These include the Wrest Point Casino and Henry Jones hotel in Hobart, Launceston’s Country Club Casino and the luxury east coast hotel Saffire.
Mulawa Holdings employs 2,527 people and has assets worth A$452 million, paying an income tax bill of A$5.2 million.
Hundreds of workers at the states two casinos are waging a campaign for a pay increase after rejecting the company’s offer of a two per cent a year increase over three years.
Employees at Wrest Point Casino and Launceston Country Club voted down the proposed increase in January, arguing it would not keep pace with cost of living expenses.
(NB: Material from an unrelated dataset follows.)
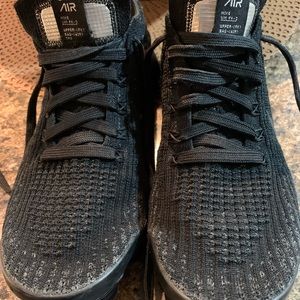 Nike Vapor Max size 8
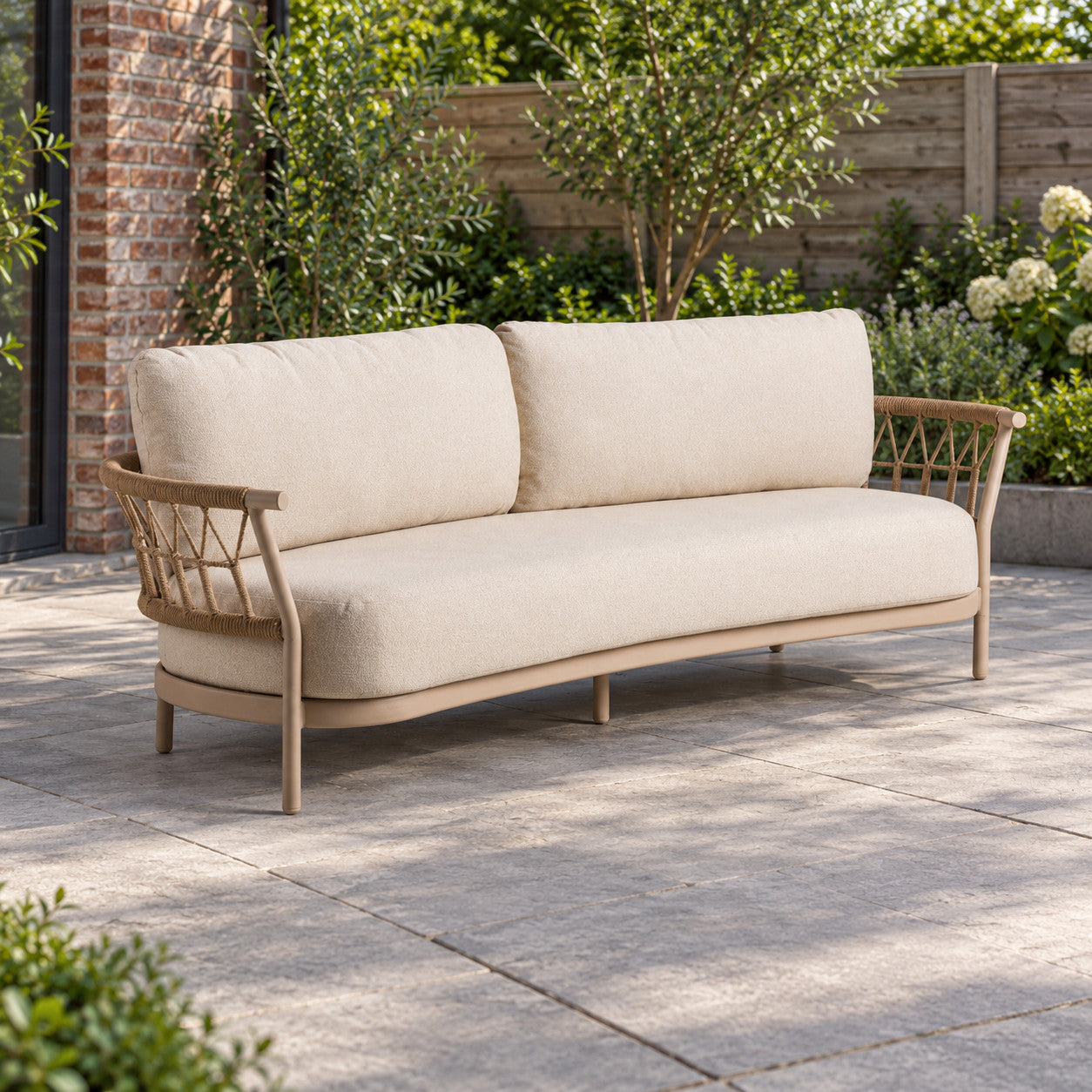 Tierra Outdoor Fresca 3-zits loungebank Champagne in een Nederlandse tuinomgeving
The casinos operators the Federal Group have said staff at its casinos, “are already paid well above union standards.”
Their union, United Voice, said it was also resisting the push by Federal Group to remove some redundancy provisions and reduce casino roster cycles from four week to two.
“Stripping back the roster cycle to two weeks means people can’t plan what they’ll be doing for the next 14 days,” United Voice’s Jessica Sanders said in a letter to members.
The lynchpin of the Farrell family’s profitability in recent times has been its exclusive rights to operate gaming machines in Tasmania.
— Cap"nCaveman (@Dave31994155) November 25, 2018
This arrangement is set to expire in 2023, with financial statements offering little insight into the company’s direction after this time.
The statements say: “Further information about likely developments in the operators of the consolidated entity … has not been included in this report because disclosure of the information would be likely to result in unreasonable prejudice to the consolidated entity.”
The Federal Group was front and centre during the Tasmanian state election campaign, dismissing Labor’s pledge to remove all poker machines from Tasmanian clubs and pubs from 2023 if it won.
The Liberal Party was returned in Tasmania, with Premier Will Hodgman denying undue influence from the gambling lobby.
Under Tasmanian law, any Federal Group donations made during that election have to be disclosed by February.
The Federal Group arrived in Tasmania in 1968 when the state was struggling with debt.
Greg Farrell Sr, the chairman of the Federal Group ran a public campaign to reassure locals that a casino in Tasmania would be more than a hotel and gaming den and would put Tasmania on the map.
Wrest Point Hotel Casino was opened on 10 February 1973 and was Australia’s first legal casino.
The building was extended in 1984 to include a new conference centre and in 1996 a boardwalk was created.
In 2015, an A$70 million dollar investment was announced bringing in five new dining outlets, more bars, a private VIP gaming room and a refurbishment to the entire casino.
Wrest Point has more than 650 poker machines and 269 hotel rooms.